At the end of its I/O presentation on Wednesday, Google pulled out a “one more thing”-type surprise. In a short video, Google showed off a pair of augmented reality glasses that have one purpose — displaying audible language translations right in front of your eyeballs. In the video, Google product manager Max Spear called the capability of this prototype “subtitles for the world,” and we see family members communicating for the first time.
Now hold on just a second. Like many people, we’ve used Google Translate before and largely think of it as a very impressive tool that happens to make a lot of embarrassing misfires. While we might trust it to get us directions to the bus, that’s nowhere near the same thing as trusting it to correctly interpret and relay our parents’ childhood stories. And hasn’t Google said it’s finally breaking down the language barrier before?
In 2017, Google marketed real-time translation as a feature of its original Pixel Buds. Our former colleague Sean O’Kane described the experience as “a laudable idea with a lamentable execution” and reported that some of the people he tried it with said it sounded like he was a five-year-old. That’s not quite what Google showed off in its video.
Also, we don’t want to brush past the fact that Google’s promising that this translation will happen inside a pair of AR glasses. Not to hit at a sore spot, but the reality of augmented reality hasn’t really even caught up to Google’s concept video from a decade ago. You know, the one that acted as a predecessor to the much-maligned and embarrassing-to-wear Google Glass?
To be fair, Google’s AR translation glasses seem much more focused than what Glass was trying to accomplish. From what Google showed, they’re meant to do one thing — display translated text — not act as an ambient computing experience that could replace a smartphone. But even then, making AR glasses isn’t easy. Even a moderate amount of ambient light can make viewing text on see-through screens very difficult. It’s challenging enough to read subtitles on a TV with some glare from the sun through a window; now imagine that experience but strapped to your face (and with the added pressure of engaging in a conversation with someone that you can’t understand on your own).
But hey, technology moves quickly — Google may be able to overcome a hurdle that has stymied its competitors. That wouldn’t change the fact that Google Translate is not a magic bullet for cross-language conversation. If you’ve ever tried having an actual conversation through a translation app, then you probably know that you must speak slowly. And methodically. And clearly. Unless you want to risk a garbled translation. One slip of the tongue, and you might just be done.
People don’t converse in a vacuum or like machines do. Just like we code-switch when speaking to voice assistants like Alexa, Siri, or the Google Assistant, we know we have to use much simpler sentences when we’re dealing with machine translation. And even when we do speak correctly, the translation can still come out awkward and misconstrued. Some of our Verge colleagues fluent in Korean pointed out that Google’s own pre-roll countdown for I/O displayed an honorific version of “Welcome” in Korean that nobody actually uses.
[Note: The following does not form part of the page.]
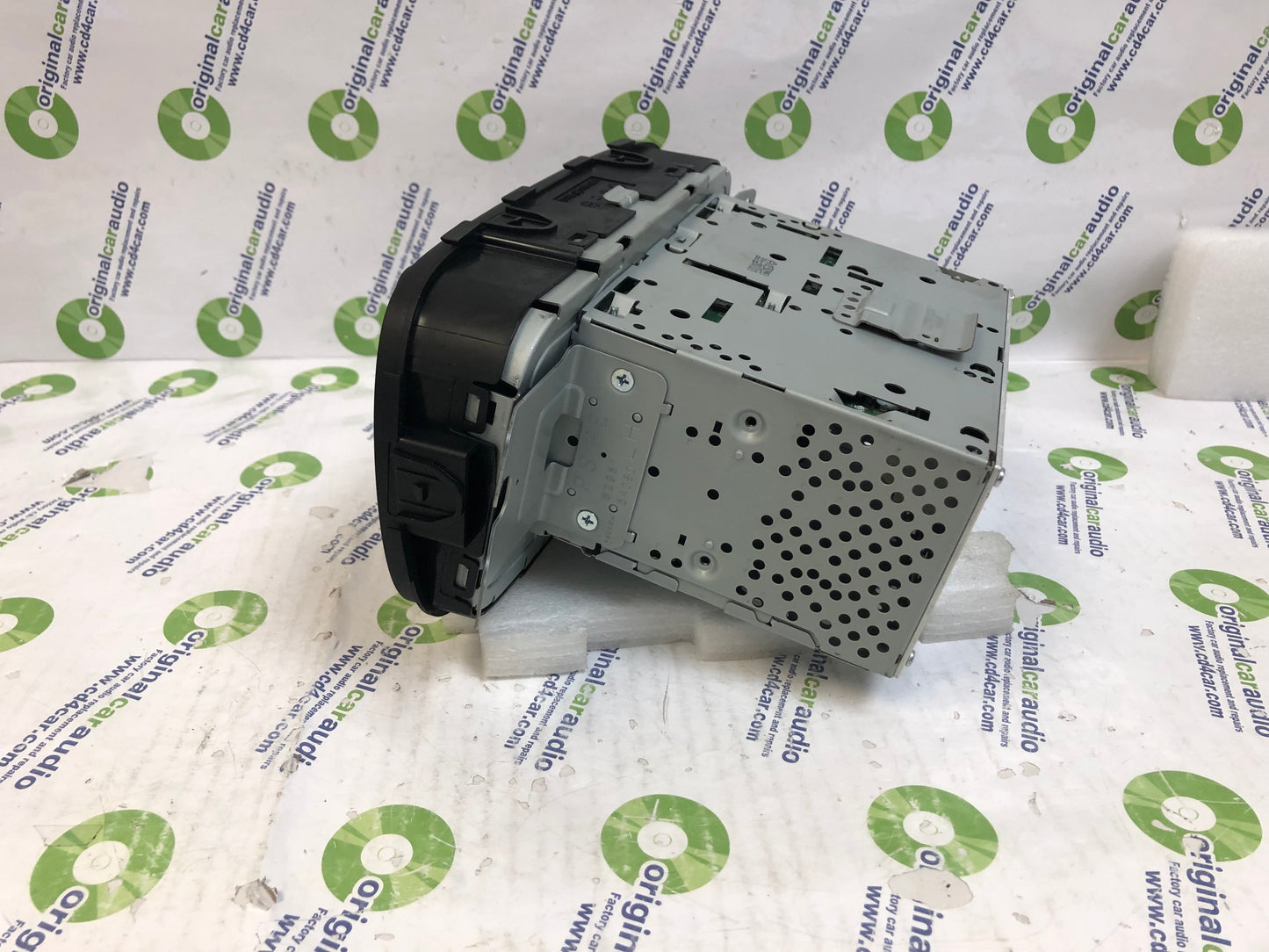 2017 - 2019 Kia Soul OEM Media AM FM XM Radio Receiver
That mildly embarrassing flub pales in comparison to the fact that, according to tweets from Rami Ismail and Sam Ettinger, Google showed over half a dozen backwards, broken, or otherwise incorrect scripts on a slide during its Translate presentation. (Android Police notes that a Google employee has acknowledged the mistake, and that it’s been corrected in the YouTube version of the keynote.) To be clear, it’s not that we expect perfection — but Google’s trying to tell us that it’s close to cracking real-time translation, and those kinds of mistakes make that seem incredibly unlikely.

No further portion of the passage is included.